**TASK DESCRIPTION**: The copy you give must match the lines from the top of the data through the line containing "United Reformed Church" exactly, and it must hold no pictures.

=== Section Start ===

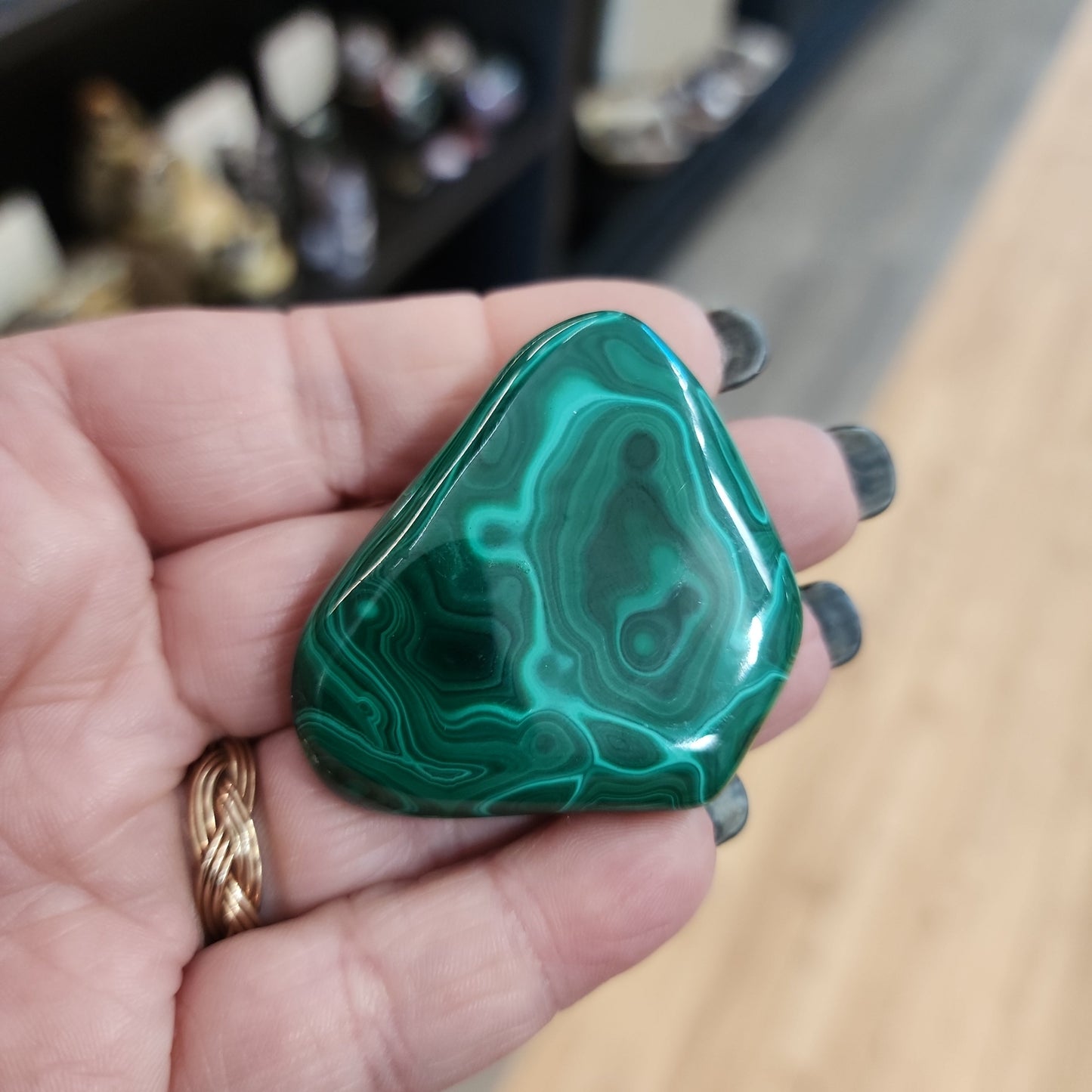 Hand-selected malachite specimen with vibrant green bands and natural patterns, displayed on a white background. Perfect for transformation, protection, and heart chakra healing.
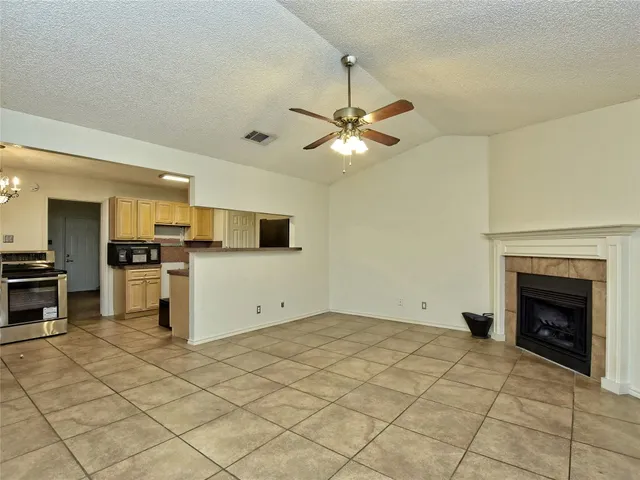 a view of a kitchen with microwave and a stove top oven
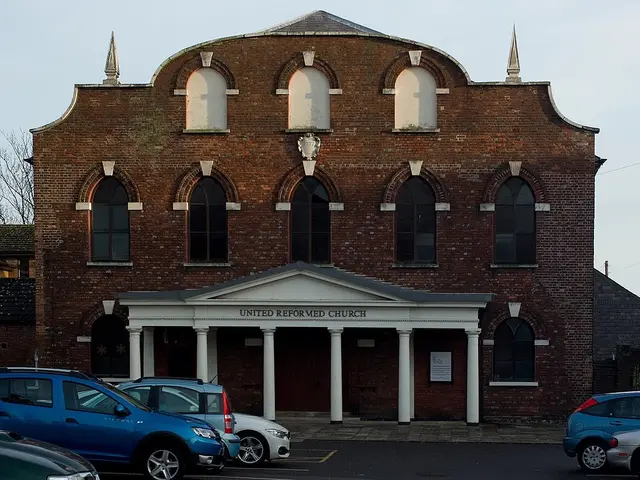 United Reformed Church on Skinner Street, Poole, England, a red brick chapel with a curved parapet, arched windows and a columned entrance porch.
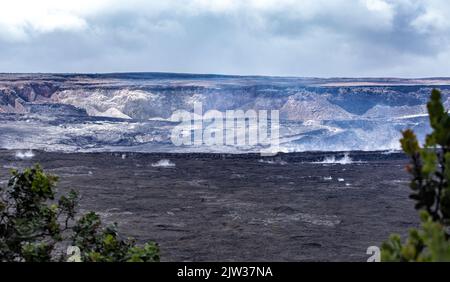 Dampf und Rauch steigen aus dem mächtigen Halemaumau-Krater. Der Lavasee im Krater ist noch aktiv. Dies ist ein heiliger Ort. Stockfoto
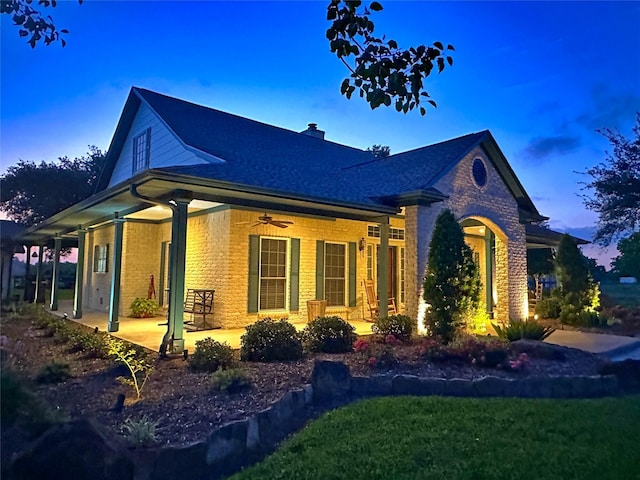 property exterior at dusk featuring brick siding, ceiling fan, covered porch, a lawn, and a chimney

=== Section End ===

**SOLUTION TO THE EXERCISE**:
 Hand-selected malachite specimen with vibrant green bands and natural patterns, displayed on a white background. Perfect for transformation, protection, and heart chakra healing.
 a view of a kitchen with microwave and a stove top oven
 United Reformed Church on Skinner Street, Poole, England, a red brick chapel with a curved parapet, arched windows and a columned entrance porch.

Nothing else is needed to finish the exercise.